— Problem to solve —
Locate the lines of the listing below that hold "Dress", then copy each of them.

___ Material for this task

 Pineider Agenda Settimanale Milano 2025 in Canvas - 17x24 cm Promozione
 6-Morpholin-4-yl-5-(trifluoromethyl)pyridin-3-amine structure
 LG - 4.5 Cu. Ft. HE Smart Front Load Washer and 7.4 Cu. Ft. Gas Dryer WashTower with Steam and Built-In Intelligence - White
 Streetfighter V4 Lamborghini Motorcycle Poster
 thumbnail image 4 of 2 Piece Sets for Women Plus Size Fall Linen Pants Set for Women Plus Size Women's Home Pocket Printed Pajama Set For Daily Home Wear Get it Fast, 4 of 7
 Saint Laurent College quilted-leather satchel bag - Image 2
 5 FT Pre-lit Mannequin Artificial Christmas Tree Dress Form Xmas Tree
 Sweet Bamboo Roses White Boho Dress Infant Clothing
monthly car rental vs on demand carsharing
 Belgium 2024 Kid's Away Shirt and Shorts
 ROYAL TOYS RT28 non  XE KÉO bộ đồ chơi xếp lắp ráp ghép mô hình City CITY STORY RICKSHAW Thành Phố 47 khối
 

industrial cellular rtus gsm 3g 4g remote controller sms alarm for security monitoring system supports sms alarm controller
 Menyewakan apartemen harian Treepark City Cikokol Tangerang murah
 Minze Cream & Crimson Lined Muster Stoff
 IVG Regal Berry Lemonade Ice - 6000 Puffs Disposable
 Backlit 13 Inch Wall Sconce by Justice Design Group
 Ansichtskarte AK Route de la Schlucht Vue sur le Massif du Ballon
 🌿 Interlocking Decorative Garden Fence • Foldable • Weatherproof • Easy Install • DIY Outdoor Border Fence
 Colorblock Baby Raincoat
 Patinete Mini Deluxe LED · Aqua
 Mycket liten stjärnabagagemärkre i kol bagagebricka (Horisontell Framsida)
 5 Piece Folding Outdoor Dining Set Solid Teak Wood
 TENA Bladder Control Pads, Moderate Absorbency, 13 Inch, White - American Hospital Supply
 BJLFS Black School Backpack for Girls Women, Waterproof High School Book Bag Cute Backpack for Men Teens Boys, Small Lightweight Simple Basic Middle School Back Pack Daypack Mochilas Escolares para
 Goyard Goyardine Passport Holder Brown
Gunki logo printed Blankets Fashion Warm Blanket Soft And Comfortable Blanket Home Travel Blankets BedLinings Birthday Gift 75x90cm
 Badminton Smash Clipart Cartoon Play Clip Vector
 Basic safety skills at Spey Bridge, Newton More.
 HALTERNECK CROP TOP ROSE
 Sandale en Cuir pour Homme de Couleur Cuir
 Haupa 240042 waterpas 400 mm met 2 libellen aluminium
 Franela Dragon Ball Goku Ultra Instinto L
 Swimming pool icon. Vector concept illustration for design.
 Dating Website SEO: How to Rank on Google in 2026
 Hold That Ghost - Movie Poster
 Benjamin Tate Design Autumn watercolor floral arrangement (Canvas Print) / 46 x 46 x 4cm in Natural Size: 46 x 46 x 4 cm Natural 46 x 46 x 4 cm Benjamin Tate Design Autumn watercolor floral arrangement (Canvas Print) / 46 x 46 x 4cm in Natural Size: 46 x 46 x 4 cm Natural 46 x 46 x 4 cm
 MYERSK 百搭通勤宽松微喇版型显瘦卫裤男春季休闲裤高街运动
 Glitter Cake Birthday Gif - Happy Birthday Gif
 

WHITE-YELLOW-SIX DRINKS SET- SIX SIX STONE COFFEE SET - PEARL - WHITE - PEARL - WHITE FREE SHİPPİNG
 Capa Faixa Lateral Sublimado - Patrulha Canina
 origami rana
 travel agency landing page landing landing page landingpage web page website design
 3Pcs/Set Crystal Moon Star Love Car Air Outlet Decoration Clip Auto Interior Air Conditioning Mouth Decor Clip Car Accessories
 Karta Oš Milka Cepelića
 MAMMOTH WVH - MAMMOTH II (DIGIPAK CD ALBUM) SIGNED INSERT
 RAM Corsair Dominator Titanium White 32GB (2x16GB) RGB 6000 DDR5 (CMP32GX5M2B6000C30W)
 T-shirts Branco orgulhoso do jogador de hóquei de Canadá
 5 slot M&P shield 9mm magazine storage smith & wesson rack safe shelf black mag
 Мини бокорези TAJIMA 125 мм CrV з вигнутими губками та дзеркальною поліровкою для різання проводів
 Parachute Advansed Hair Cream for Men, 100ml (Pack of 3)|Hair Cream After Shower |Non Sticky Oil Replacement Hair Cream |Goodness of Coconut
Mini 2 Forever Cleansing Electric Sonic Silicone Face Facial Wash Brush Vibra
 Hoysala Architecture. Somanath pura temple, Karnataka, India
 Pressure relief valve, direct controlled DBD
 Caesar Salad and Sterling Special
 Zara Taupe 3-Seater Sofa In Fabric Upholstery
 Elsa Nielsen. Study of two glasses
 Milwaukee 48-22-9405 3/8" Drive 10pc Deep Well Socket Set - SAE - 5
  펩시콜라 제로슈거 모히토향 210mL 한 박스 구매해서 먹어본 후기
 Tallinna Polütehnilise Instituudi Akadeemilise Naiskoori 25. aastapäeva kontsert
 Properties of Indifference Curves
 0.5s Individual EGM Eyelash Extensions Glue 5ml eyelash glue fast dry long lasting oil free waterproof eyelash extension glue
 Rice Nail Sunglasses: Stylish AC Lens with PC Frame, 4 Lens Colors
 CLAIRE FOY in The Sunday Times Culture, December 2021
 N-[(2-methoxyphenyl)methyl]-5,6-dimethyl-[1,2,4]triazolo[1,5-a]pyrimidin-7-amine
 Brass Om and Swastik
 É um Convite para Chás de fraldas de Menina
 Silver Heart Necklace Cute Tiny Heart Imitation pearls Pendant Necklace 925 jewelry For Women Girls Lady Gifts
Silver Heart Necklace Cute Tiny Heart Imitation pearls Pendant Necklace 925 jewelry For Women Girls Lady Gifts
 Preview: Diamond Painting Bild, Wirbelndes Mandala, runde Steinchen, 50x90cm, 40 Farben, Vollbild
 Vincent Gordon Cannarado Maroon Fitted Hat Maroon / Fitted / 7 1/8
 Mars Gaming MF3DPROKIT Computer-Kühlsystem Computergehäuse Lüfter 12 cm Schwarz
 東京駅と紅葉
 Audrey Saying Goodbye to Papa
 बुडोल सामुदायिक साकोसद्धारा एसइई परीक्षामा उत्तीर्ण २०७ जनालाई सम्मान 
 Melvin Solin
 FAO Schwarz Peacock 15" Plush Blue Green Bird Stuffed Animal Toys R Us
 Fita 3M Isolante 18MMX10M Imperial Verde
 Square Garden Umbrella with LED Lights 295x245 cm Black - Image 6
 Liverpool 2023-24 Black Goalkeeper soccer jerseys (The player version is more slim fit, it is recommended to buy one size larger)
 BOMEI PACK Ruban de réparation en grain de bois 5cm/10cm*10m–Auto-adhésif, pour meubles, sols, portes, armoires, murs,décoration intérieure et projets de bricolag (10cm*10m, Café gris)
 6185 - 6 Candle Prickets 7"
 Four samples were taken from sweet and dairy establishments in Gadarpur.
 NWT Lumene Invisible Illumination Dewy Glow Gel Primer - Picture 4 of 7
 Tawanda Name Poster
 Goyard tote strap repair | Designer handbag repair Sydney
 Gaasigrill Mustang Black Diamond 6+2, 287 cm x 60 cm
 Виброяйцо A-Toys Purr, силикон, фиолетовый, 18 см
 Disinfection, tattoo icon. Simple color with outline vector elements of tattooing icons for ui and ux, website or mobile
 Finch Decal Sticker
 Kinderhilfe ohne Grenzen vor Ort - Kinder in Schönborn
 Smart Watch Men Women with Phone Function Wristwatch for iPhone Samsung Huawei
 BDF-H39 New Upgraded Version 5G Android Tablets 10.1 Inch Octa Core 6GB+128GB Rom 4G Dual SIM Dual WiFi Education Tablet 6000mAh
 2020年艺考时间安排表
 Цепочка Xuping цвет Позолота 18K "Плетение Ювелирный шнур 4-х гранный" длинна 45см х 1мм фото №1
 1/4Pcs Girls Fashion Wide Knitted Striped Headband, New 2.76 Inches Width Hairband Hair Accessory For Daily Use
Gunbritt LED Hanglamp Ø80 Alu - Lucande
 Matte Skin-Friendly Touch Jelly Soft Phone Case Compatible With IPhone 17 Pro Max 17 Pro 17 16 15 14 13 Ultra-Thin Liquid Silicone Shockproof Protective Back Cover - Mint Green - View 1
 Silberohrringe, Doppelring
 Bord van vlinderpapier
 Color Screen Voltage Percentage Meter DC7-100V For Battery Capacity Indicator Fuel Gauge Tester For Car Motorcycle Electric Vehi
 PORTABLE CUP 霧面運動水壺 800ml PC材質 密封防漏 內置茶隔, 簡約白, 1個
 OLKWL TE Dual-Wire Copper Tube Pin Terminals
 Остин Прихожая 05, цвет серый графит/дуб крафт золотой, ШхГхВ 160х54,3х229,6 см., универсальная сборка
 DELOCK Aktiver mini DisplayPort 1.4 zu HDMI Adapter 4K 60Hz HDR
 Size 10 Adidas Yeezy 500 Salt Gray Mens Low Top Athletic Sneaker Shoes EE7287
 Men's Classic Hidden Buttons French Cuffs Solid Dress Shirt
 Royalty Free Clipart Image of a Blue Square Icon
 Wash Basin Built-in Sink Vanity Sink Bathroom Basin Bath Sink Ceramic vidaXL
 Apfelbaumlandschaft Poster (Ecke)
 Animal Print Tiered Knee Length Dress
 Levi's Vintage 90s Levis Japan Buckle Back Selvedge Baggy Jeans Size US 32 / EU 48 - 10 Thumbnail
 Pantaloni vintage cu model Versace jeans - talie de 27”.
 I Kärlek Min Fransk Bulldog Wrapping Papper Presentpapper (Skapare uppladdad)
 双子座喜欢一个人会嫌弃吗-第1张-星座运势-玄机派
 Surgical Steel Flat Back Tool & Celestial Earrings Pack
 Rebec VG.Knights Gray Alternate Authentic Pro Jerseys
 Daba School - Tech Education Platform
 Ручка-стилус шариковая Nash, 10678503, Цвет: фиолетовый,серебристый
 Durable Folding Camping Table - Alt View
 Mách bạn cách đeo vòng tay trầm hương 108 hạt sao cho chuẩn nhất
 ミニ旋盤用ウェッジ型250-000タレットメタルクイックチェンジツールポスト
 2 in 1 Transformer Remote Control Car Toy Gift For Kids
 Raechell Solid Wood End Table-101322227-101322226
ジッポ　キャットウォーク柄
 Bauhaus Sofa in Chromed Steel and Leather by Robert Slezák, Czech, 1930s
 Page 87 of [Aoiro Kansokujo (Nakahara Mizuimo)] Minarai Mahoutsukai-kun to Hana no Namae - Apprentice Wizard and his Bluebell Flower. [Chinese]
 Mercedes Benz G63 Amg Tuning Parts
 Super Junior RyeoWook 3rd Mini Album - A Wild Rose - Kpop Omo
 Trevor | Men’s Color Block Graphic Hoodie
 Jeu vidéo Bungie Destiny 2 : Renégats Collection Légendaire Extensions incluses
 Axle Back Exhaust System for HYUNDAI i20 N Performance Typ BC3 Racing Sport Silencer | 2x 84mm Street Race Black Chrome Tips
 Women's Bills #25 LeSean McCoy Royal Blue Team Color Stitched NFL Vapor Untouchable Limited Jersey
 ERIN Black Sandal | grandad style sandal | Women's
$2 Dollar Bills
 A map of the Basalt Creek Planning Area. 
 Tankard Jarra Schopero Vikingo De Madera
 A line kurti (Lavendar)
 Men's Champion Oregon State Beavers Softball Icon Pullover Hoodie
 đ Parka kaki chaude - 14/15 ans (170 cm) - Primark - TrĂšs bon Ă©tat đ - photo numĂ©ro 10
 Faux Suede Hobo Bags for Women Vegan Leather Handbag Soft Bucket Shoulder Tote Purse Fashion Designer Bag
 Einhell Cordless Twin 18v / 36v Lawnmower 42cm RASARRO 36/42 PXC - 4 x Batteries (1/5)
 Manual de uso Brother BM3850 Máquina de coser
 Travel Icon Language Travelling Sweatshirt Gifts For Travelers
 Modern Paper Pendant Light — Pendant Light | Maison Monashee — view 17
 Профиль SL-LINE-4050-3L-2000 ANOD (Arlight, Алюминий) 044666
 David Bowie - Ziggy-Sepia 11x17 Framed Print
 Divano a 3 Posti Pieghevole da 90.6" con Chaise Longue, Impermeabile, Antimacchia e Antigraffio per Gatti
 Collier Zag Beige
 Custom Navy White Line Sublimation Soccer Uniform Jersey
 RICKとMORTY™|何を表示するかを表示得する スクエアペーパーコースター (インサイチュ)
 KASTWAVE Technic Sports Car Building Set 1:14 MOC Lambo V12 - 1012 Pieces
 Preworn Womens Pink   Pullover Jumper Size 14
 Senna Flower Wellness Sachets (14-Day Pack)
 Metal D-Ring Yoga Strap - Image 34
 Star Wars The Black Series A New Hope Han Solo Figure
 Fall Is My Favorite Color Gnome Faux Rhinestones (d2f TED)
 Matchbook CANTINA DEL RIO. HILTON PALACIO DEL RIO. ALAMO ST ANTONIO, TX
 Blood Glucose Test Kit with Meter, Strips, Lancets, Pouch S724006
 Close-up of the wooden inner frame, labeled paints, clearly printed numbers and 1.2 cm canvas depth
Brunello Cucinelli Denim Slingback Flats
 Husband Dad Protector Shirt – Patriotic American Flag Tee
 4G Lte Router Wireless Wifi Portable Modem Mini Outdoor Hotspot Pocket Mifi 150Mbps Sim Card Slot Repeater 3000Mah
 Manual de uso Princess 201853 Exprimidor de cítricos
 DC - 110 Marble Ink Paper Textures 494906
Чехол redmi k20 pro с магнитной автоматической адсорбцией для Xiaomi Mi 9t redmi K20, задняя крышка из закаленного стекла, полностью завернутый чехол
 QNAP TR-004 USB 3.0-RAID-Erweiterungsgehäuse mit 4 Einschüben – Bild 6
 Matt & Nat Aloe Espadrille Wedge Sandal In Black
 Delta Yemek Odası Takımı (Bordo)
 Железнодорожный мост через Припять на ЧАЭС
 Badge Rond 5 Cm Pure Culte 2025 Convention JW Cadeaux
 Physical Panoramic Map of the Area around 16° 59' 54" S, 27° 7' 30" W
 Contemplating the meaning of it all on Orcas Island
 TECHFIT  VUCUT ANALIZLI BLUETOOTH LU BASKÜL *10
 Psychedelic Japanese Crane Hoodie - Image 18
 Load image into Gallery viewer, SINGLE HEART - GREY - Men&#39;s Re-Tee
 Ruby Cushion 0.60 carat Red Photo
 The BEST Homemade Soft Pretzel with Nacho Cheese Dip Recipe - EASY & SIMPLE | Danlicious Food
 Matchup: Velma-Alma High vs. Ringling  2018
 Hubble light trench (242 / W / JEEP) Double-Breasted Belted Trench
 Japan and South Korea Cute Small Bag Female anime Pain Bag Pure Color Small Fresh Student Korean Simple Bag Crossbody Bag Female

______

— Answer section —
 5 FT Pre-lit Mannequin Artificial Christmas Tree Dress Form Xmas Tree
 Sweet Bamboo Roses White Boho Dress Infant Clothing
 Men's Classic Hidden Buttons French Cuffs Solid Dress Shirt
 Animal Print Tiered Knee Length Dress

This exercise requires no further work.